EMI acquisition ‘could reduce choice for creators’ warns BASCA

The British Academy of Songwriters, Composers and Authors (BASCA) has raised concerns over Sony’s bid to acquire EMI Music Publishing, saying it will create a ‘major superpower’.

Anita Awbi
  • By Anita Awbi
  • 1 Oct 2018
  • min read
The British Academy of Songwriters, Composers and Authors (BASCA) has raised concerns over Sony’s bid to acquire EMI Music Publishing, saying it will create a ‘major superpower’.

Sony is currently seeking approval from the European Commission for its acquisition of EMI Music Publishing.

But, as the largest music publisher in the world, and the second biggest music label, BASCA has warned the merger ‘would limit creator choice and could potentially undermine the future autonomy of creator rights’.

If the sale goes through, Sony stands to nearly double its publishing catalogue, growing from 2.16 million to 4.21 million compositions.

BASCA said the move would create a ‘major superpower with new capability to dominate licensing markets’ and raise serious implications for the autonomy of collective rights management.

Instead, the academy is calling for the Sony transaction to be blocked in favour of EMI being run as a standalone business, or else combined with smaller music companies to guarantee a fair and competitive market for European talent.

Crispin Hunt (pictured above), songwriter and chair of BASCA, said: ‘At a time when the EU is looking to restore a balanced, diverse and competitive online marketplace for music, to allow the concentration of market leverage in this way seems antithetical to that purpose.

‘As yet, there appears little evidence that the (unchallengeable dogma of the) market-share-music-model will successfully deliver the flourishing musical environment that consumers desire.
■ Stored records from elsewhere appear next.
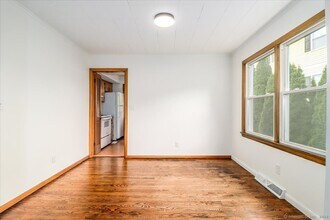 134 Osborne St in Danbury, CT - Building Photo - Building Photo
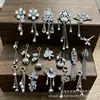 Sanqi Plata Retro Desgastado Plata Vieja Borla Campana Colgante Collar Pulsera DIY Accesorios de Juego Cultural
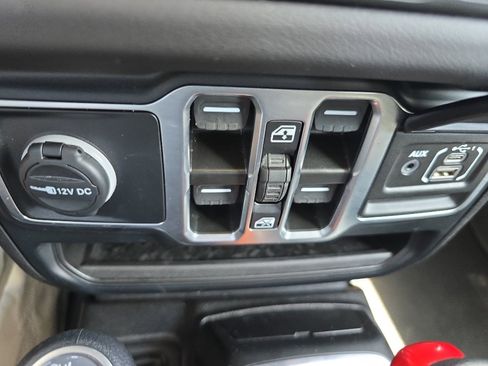 Used 2025 Jeep Wrangler Unlimited Sahara AWD/4WD image 28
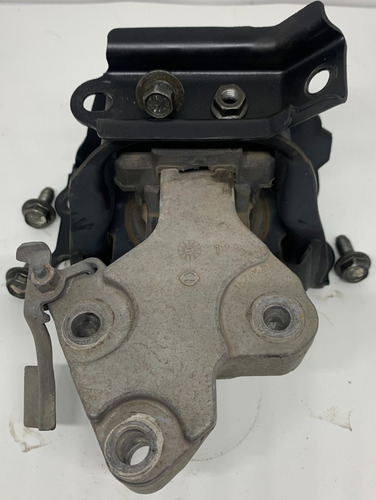 Suporte Coxim Lado Direito Nissan March 1.0 Ac 4cc Ano 14/20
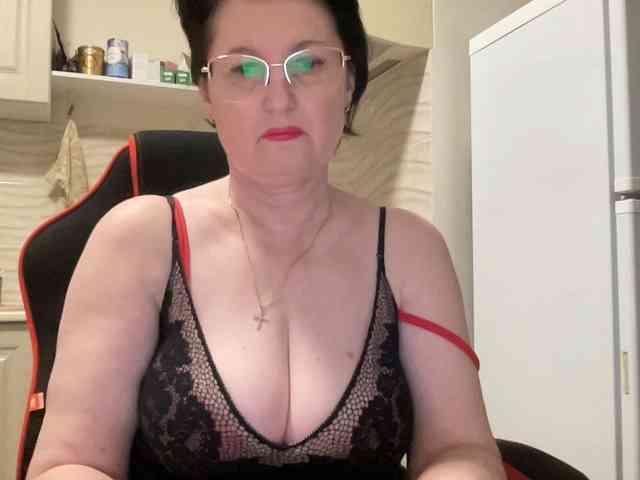 HotMilfPussy webcam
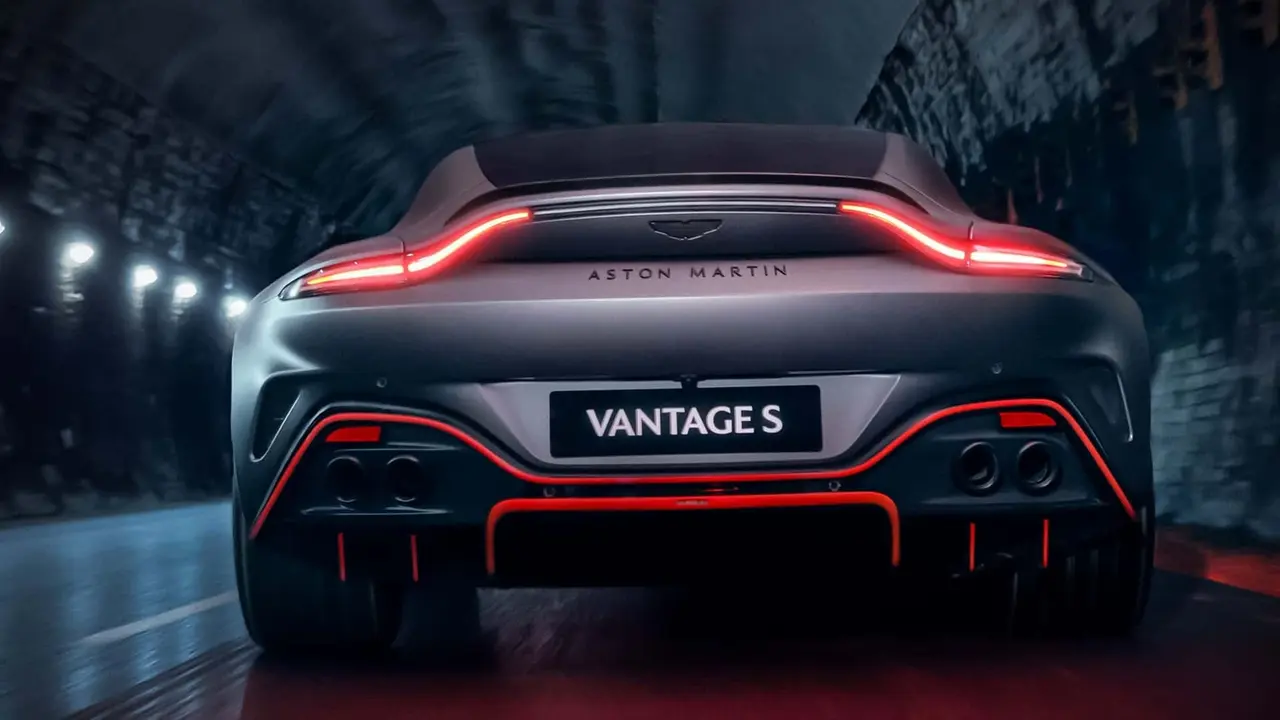 Aston Martin Vantage S görücüye çıktı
‘Sony is a great music company; indeed they acquired, publish and service much of my catalogue. But if we are to heed the economic lessons of “too big to fail”, it seems incautious to concede near absolute control of the music market to one player. Setting up the music ecosystem so that it once again runs on competition as opposed to oligopoly is the key to a flourishing market, both online and off.’

Commenting on behalf of the BASCA songwriters committee, Helienne Lindvall added: ‘Creators should expect that their copyrights will be known to the publisher and exploited fully. They should also expect their publishers to work closely with them on a personal level to develop their careers.

‘The opposite has been found to be true for songwriters and composers – including myself – when their rights are transferred from their original publisher to a corporation such as Sony, in merging vast catalogues.’